[REQUIRED ACTION]: Set down a faithful copy of every record below, with no images.

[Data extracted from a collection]
+===+

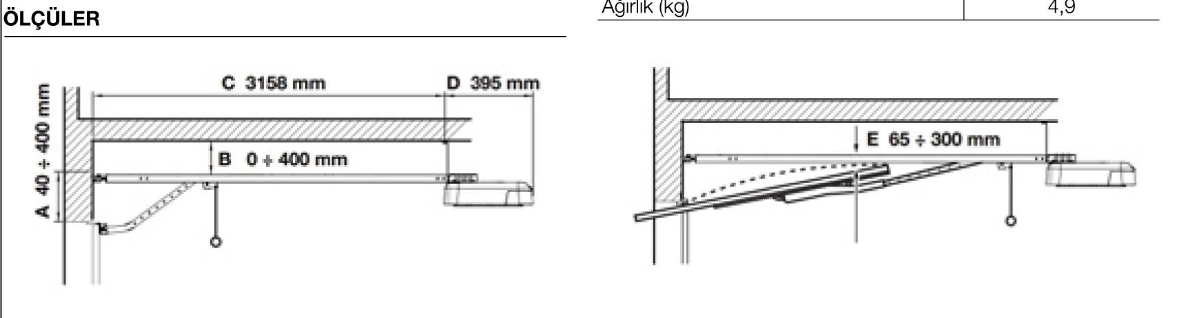 Nice Spider 800 Seksiyonel Garaj Kapısı Motoru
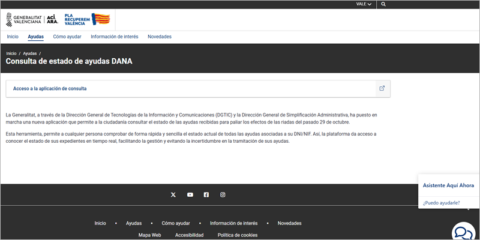 En marcha una aplicación para consultar el estado de ayudas por la DANA en la Comunidad Valenciana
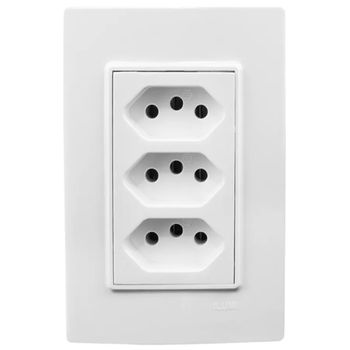 TOMADA TRIPLA 250V 4X2 VIVAZ ILUMI - FLUZÃO CONSTRUÇÃO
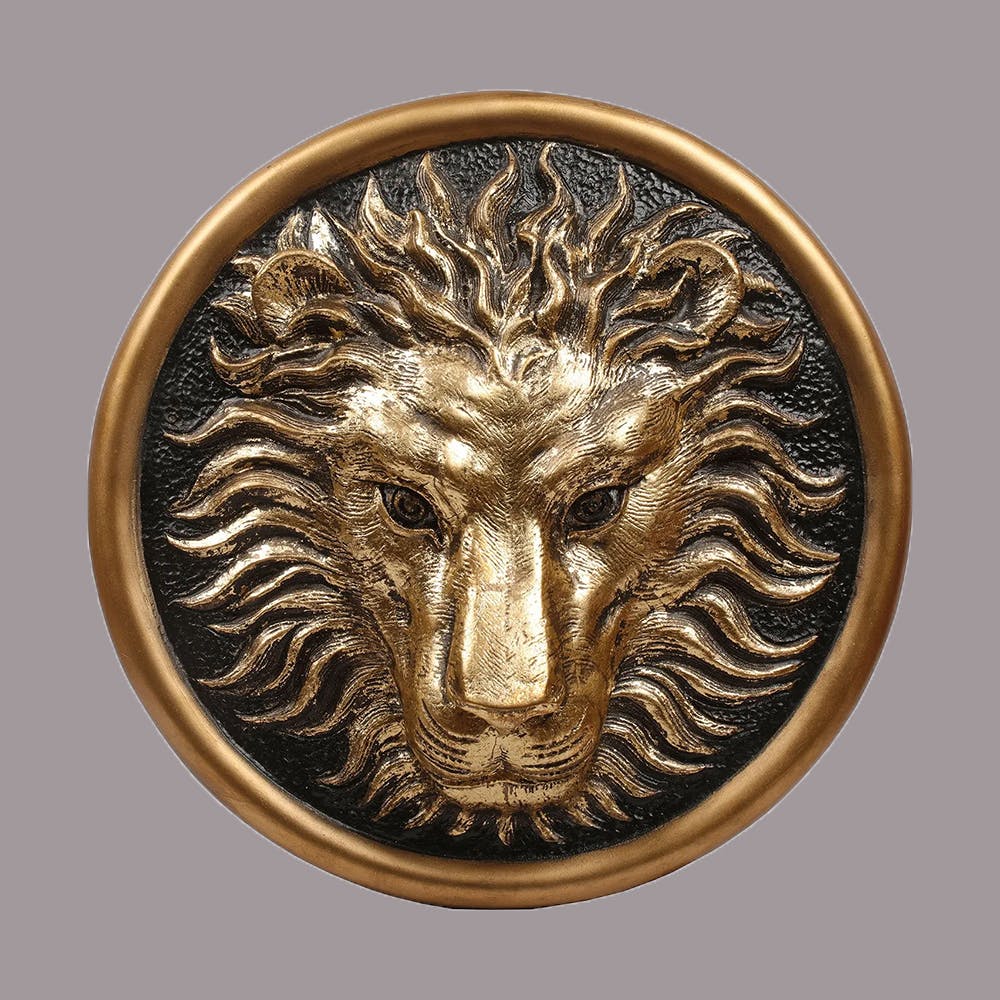 Lion Head Wall Art Showpieces - Black & Gold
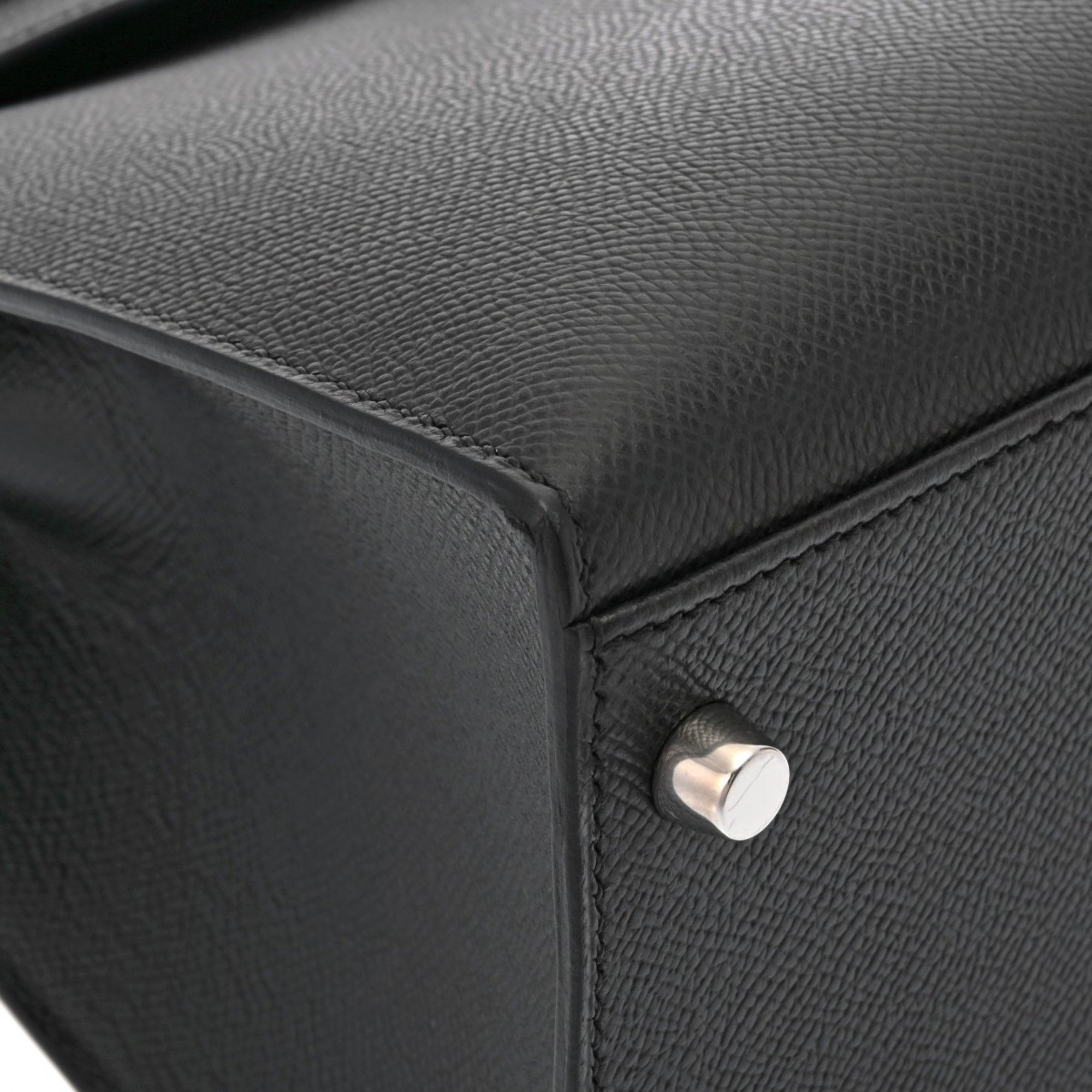 HERMES Kelly 32, Outer Stitching, Black, L Stamp (around 2008), Women's Epsom Leather Handbag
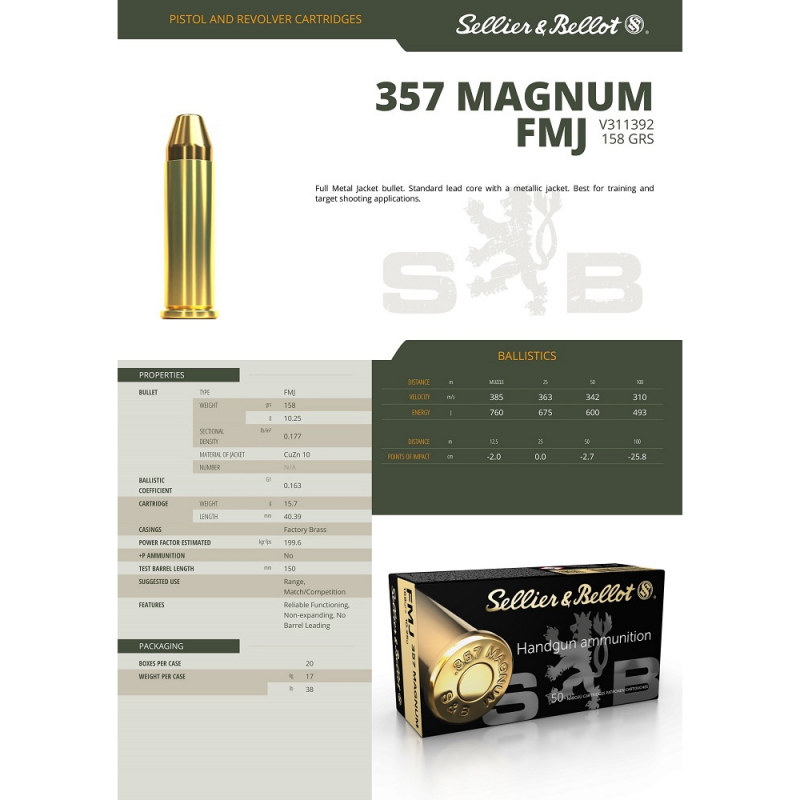 Munitions .357 Mag Sellier & Bellot 158gr FMJ | Chasse-Tir-Concept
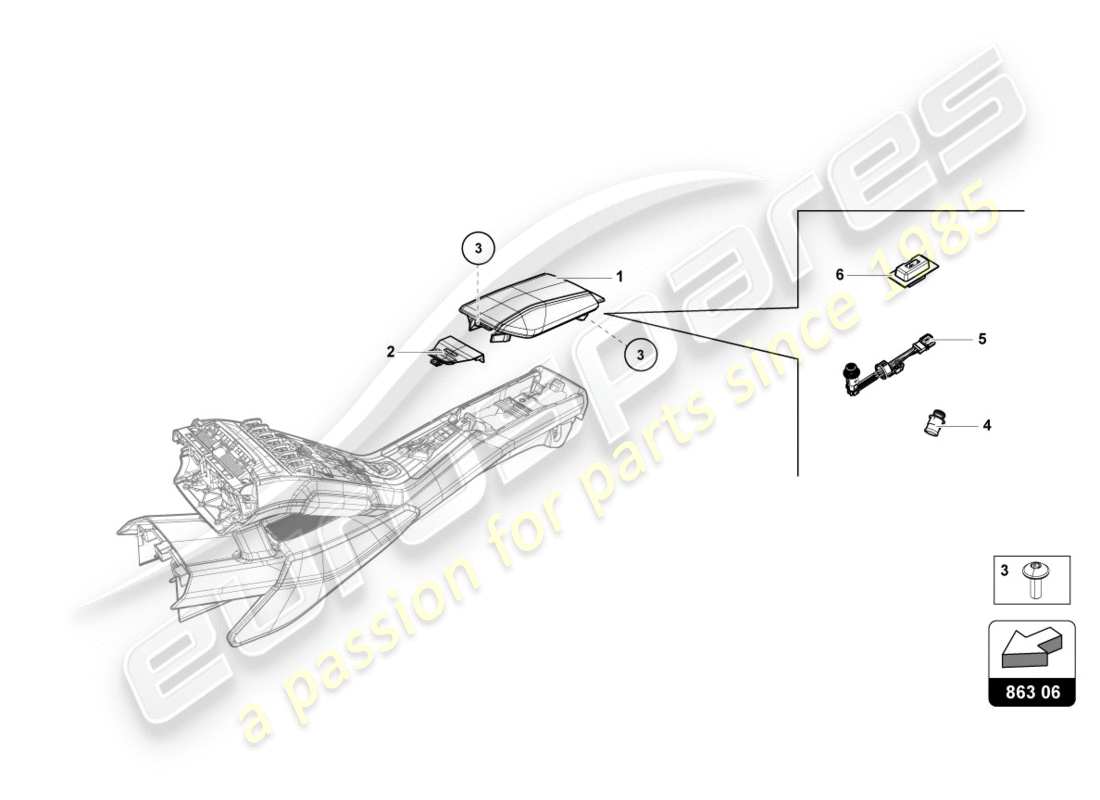 Lamborghini PERFORMANTE COUPE (2018) STOWAGE COMPARTMENT Part Diagram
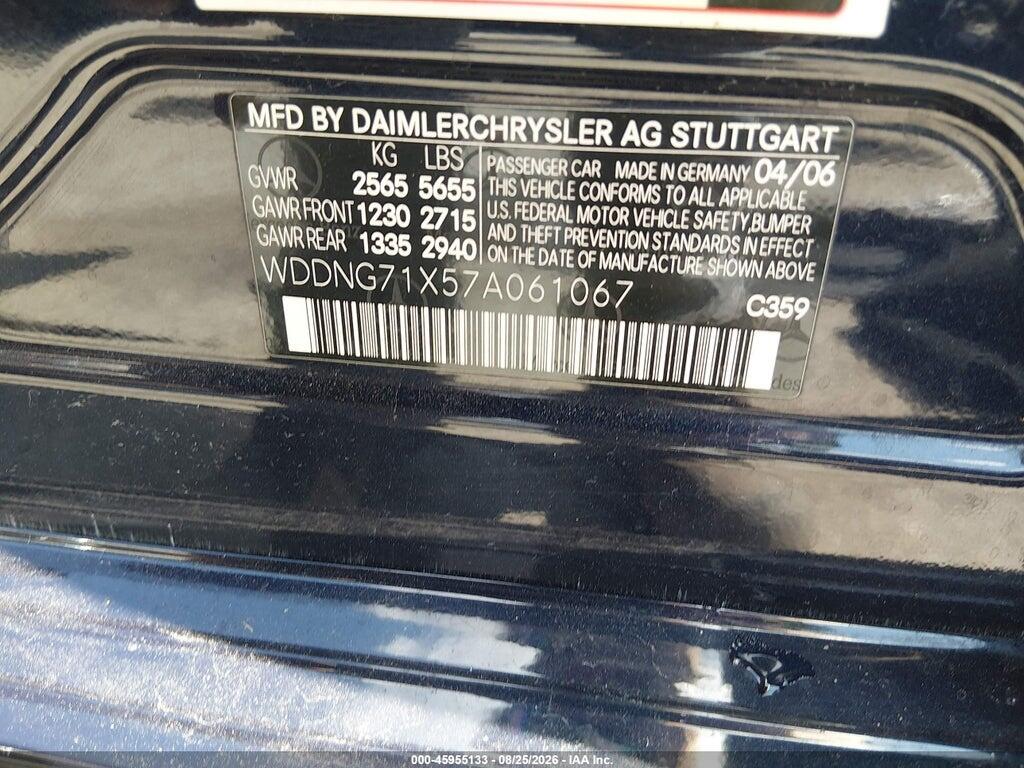 WDDNG71X57A061067 2007 MERCEDES-BENZ S 550 photo no. 9
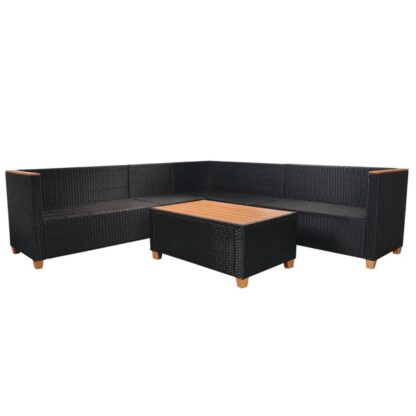 5-tlg. Garten-Lounge-Set mit Auflagen Poly Rattan Schwarz - Image 6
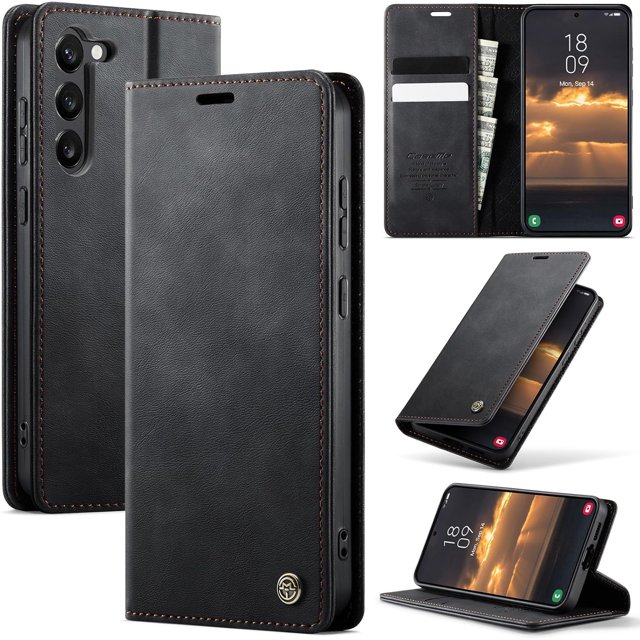 Funda tipo cartera para Samsung Galaxy S23 Plus, de piel, con tarjetero, soporte, cierre magnético y protección RFID de TPU a prueba de golpes, compatible con el S23 Plus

+===+

[ANSWER TO THE EXERCISE]:
 Nice Spider 800 Seksiyonel Garaj Kapısı Motoru
 En marcha una aplicación para consultar el estado de ayudas por la DANA en la Comunidad Valenciana
 TOMADA TRIPLA 250V 4X2 VIVAZ ILUMI - FLUZÃO CONSTRUÇÃO
 Lion Head Wall Art Showpieces - Black & Gold
 HERMES Kelly 32, Outer Stitching, Black, L Stamp (around 2008), Women's Epsom Leather Handbag
 Munitions .357 Mag Sellier & Bellot 158gr FMJ | Chasse-Tir-Concept
 Lamborghini PERFORMANTE COUPE (2018) STOWAGE COMPARTMENT Part Diagram
 WDDNG71X57A061067 2007 MERCEDES-BENZ S 550 photo no. 9
 5-tlg. Garten-Lounge-Set mit Auflagen Poly Rattan Schwarz - Image 6
 Funda tipo cartera para Samsung Galaxy S23 Plus, de piel, con tarjetero, soporte, cierre magnético y protección RFID de TPU a prueba de golpes, compatible con el S23 Plus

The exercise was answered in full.